We will spend most of our time in class playing tunes rather than chatting and I promise not to have quite so much coffee next class 🙂 Thanks for being willing to introduce yourselves and try out a few tunes. I hope to have a better sense of people’s repertoire as time goes on, and we’ll try to find some common tunes that people already know to try out each class, but if not, we’ll work on the tunes that we cover in class in more detail.
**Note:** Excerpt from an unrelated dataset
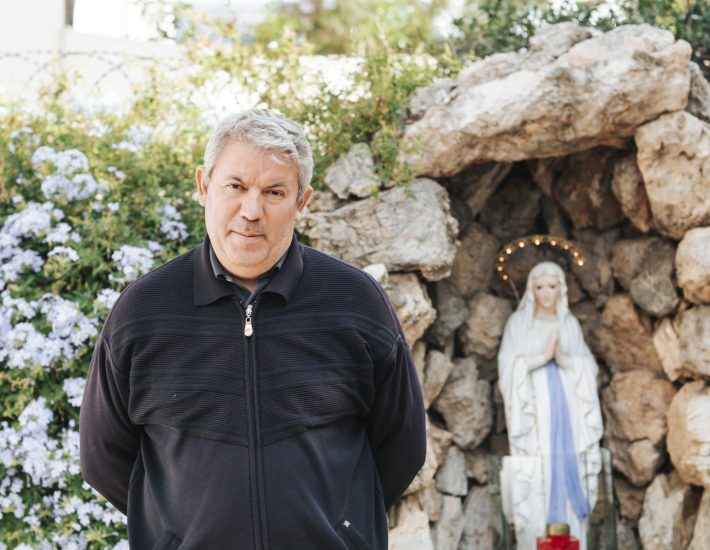 Μια φωτεινή μέρα στην Καθολική Εκκλησία των Αγίων Αποστόλων, στη Βούλα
A couple of things about playing in Sessions that we were kind of covering:
New folks If you’re part of an open session and someone new comes to join in, it is nice to ask them for what tunes they’d like to play or to ask them start a set of tunes. You may have noticed that I was asking 3 or 4 people in particular what tunes they knew or what they’d like to play – this was because they were new to the class / group.
Starting tunes If you are asked (or want) to lead a set – meaning 2-4 tunes played in succession – it is helpful to play a few bars of each tune that you’re planning on playing. It’s also helpful to the guitarists if you happen to know the key of the tunes. Last, it is important to let folks in the group know when your planning on switching from one tune to the next by either sticking your leg out or saying “hup” or “here we go” or doing that Irish thing where you look around at everybody with that knowing glance that says, “we’re about to change to the next tune”. You can also say “one more time” to indicate that you’d really like another go at it. Personally, I’m a stick my leg out person, probably left over from old time playing days. I believe the tradition of sticking one’s leg out was actually due to one’s leg cramping uncontrollably after playing an old-time tune 15 times in a row, though I could be wrong.
Tunes and Songs Not the same! Silly, I know, but a tune is a tune and a song has words and is sung.
Craic Pronounced crack. Irish for having a really great time as in, “ah, the craic was mighty last night”. Not to be confused with any of the other ones.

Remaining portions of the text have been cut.